Jean-Jacques Laublé jean-jacques · Tue Sep 19, 2006 2:25 pm

Posted by Jean-Jacques Laublé <jean-jacques.lauble@wanadoo.fr> Hi Jim

There are two ways to avoid both the risk to introduce a bias influenced by the problem's view of the examiner by measuring the strategy of the player and the risk of introducing the eventual luck of the player by measuring the play's results.

Both measure the results using as metric the objective chosen by the player as explained by John Sterman.

The first method is to run several plays, and take the average result. This will reduce the probability of a player winning by luck.

The second method less costly is to play only one game, and to ask every player to write down for every decision he takes in the game, the reasons of that decision.
It will permit to draw a relation between the way the players played and his results and eliminate the players having won by chance.
Regards.
J.J. Laublé Allocar .
Strasbourg France
Posted by Jean-Jacques Laublé <jean-jacques.lauble@wanadoo.fr> posting date Tue, 19 Sep 2006 11:28:34 +0200

Duggan James james.duggan nuigal · Tue Sep 19, 2006 2:38 pm

Posted by ""Duggan, James"" <james.duggan@nuigalway.ie> Thanks for the replies.

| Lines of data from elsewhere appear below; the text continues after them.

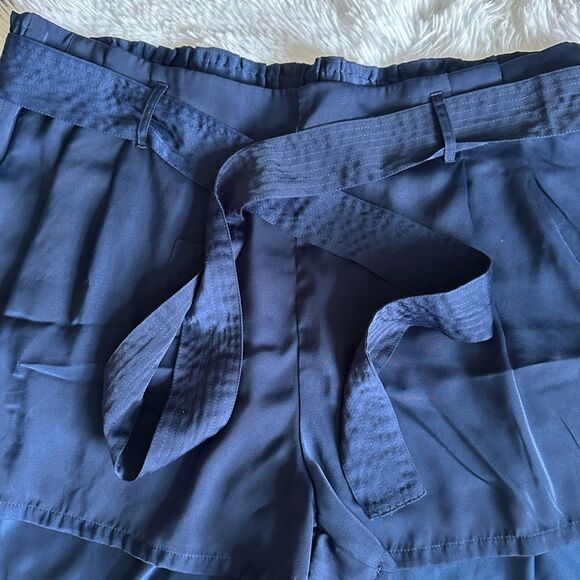 Summersalt Shorts Belted New Pockets Blue Lightweight Womens Size 18 - Picture 3 of 6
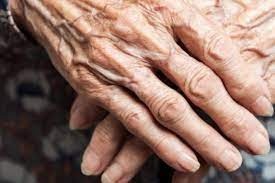 Homem é preso após embriagar e estuprar própria mãe de 70 anos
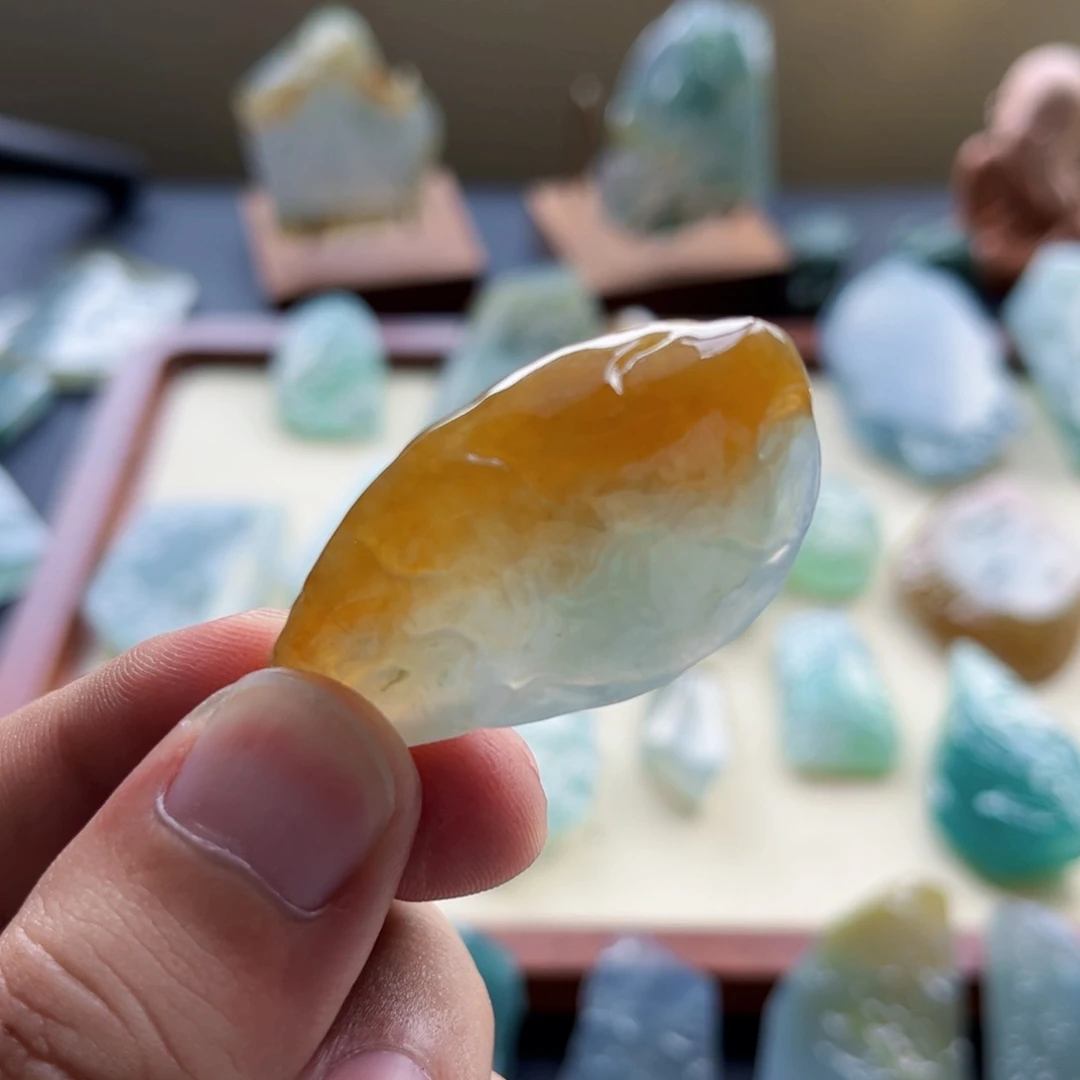 定制翡翠未镶嵌翡翠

I guess an important challenge is how to separate the ""noise"" from the ""signal"" for each player's strategy, in order to evaluate how effective such strategies are. A complicating factor are the strong interdependencies, for example, the distributor may play a perfect individual game, but may look uncompetitive (and be unlucky) because of the behaviours of upstream or downstream players (behaviours which the distributor cannot directly control).

A related issue: consider the following scenario: let's say you run a beer game simulation with four different ordering strategies (s1, s2,
s3 and s4), where each strategy is randomly assigned to a player. You know in advance that s1 is the best strategy. Using a metric that is linked with reward (e.g. total cost), and where every agent could review, compare and change their strategy at regular intervals, would the supply chain strategies always ""evolve"" to a dominant best strategy (i.e. after 100 time units, would all the players adopt s1?) Are good ordering strategies path-dependent, will they always win out?

regards,
Jim.

P.S. I'm not asking anyone to develop such a model! I'm just wondering what their intuition might be on the eventual outcome.
Posted by ""Duggan, James"" <james.duggan@nuigalway.ie> posting date Mon, 18 Sep 2006 15:22:45 +0100

Richard Karash Richard Karash.co · Tue Sep 19, 2006 2:40 pm

Posted by Richard Karash <Richard@Karash.com> On Sat, 16 Sep 2006, Duggan James james.duggan nuigalway.ie wrote:

> I'd be interested in views regarding metrics for measuring individual
> performance in a Beer Game simulation. My rationale is to find an
> objective measure that identifies the best player in a simulated beer
> game. ...snip...

Hello James --

I think this is very difficult, if you really want to identify and reward the most effective individual action. I'll assume this is what you want to do.

If you want to use this as a teaching tool to demonstrate that obvious- seeming metrics can be bad, this should be easy to accomplish.

As other have said, the numeric performance at any position depends on the actions of others.

Here is an example... It's the most remarkable beer game performance I've seen:

I was leading the game for a group of BP executives and managers in Africa. When I run the game, I give teams a few minutes to strategize after the explanation and the first two weeks of demo play. The leader of one team, playing the Retailer position, got his team to follow this
strategy:

1. ""Factory, watch what I ship. I'll move each shipment so you can see
it. Produce that much, plus enough to catch me up."" This will
skip levels like an MRP system will do.

2. ""Other positions, order exactly what you see coming in the pipeline.
That is, order what your supplier will be able to ship two weeks
hence. That way, we'll move all the stock to the retail end where
it can do some good; stock at other positions has no value to the
customer. And, you'll have zero inventory and never be in backlog.""
(Take a good look at the beer game table; you'll be able to see which
box to look at in order to do this. In ordering, each player will
look to the right to see what's coming.)

The team executed perfectly. The retailer was out of stock for a while, then had a small inventory (say six) for the remainder of the play (the factory didn't get the ""catch up"" exactly right). After clearing the initial four cases, every other position was exactly zero inventory (no backlog) for the entire game.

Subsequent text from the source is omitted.